Nothing but the lines from the first line of the entries through the line with "Hey everyone, welcome" should appear in the answer, transcribed exactly and free of pictures.

• • • • • • •

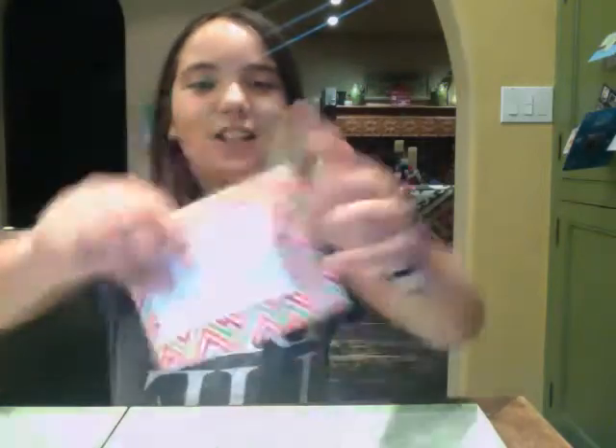Hi, it's me Mia, and today we will be making luggage tags.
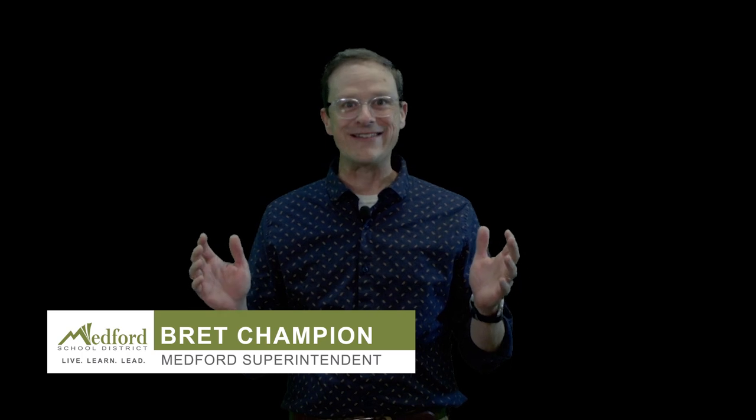Thank you for joining us today on Medford Anywhere Learning TV. For the latest updates on what's going on in the Medford School District, including COVID-19 updates, as well as next steps for Medford Anywhere Learning — because there's always more still to come — check out our website at www.medford.k12.or.us. See you soon.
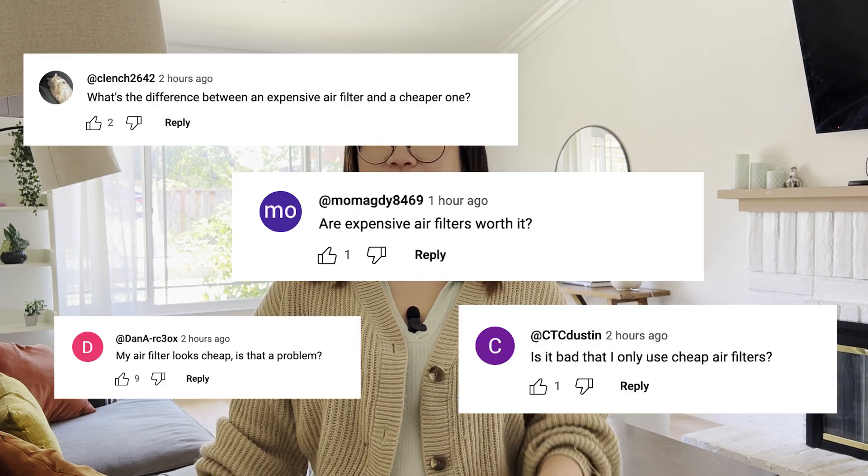Hey everyone, welcome back to Clear the Air. I'm Michelle and today we're going to be answering a question we get all the time: are expensive filters actually worth the extra cost?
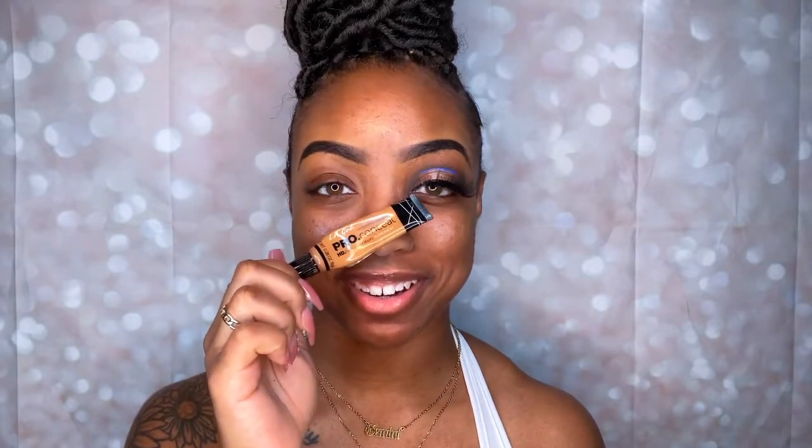I like to do one eye before I do the other. For whatever reason, when I'm doing my makeup I just feel like I can see what I'm doing better — as a visual of what to do on the next eye. So eyebrows and one eye are already done, but the tutorial is still in motion. I'm going to show how to do this eye and just do whatever I do on this eye on both eyes. I'm gonna use my Pro Conceal by LA Girl to prime my eyelids.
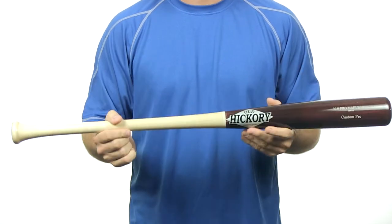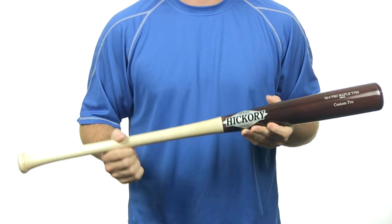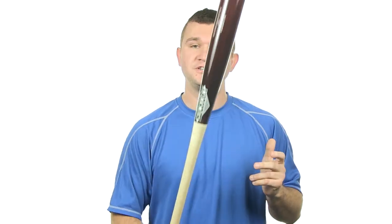It is MLB approved as well with the ink dot. This bat comes with free shipping. So get your Old Hickory bat today at JustBats.com — we'll see you there.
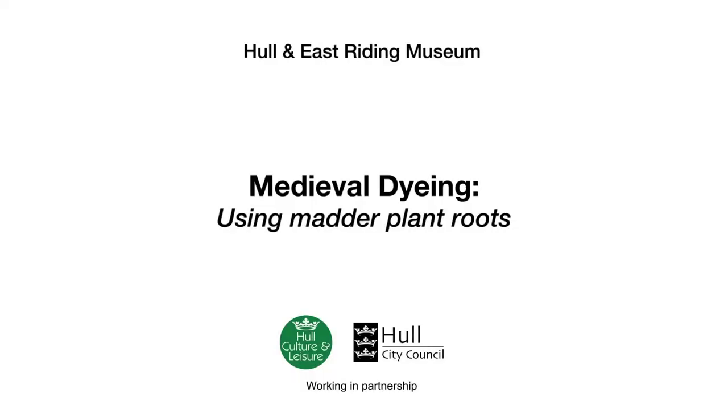Dye is one of a series of four short films, each featuring a craftsperson demonstrating a skill from the medieval period. Each film is named for the material in use – wood, dye, cloth and leather. The films have been produced for Hull and East Riding Museum, made possible through funding from Arts Council England.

• • • • • • •

## Response to this task
Hi, it's me Mia, and today we will be making luggage tags.
Thank you for joining us today on Medford Anywhere Learning TV. For the latest updates on what's going on in the Medford School District, including COVID-19 updates, as well as next steps for Medford Anywhere Learning — because there's always more still to come — check out our website at www.medford.k12.or.us. See you soon.
Hey everyone, welcome back to Clear the Air. I'm Michelle and today we're going to be answering a question we get all the time: are expensive filters actually worth the extra cost?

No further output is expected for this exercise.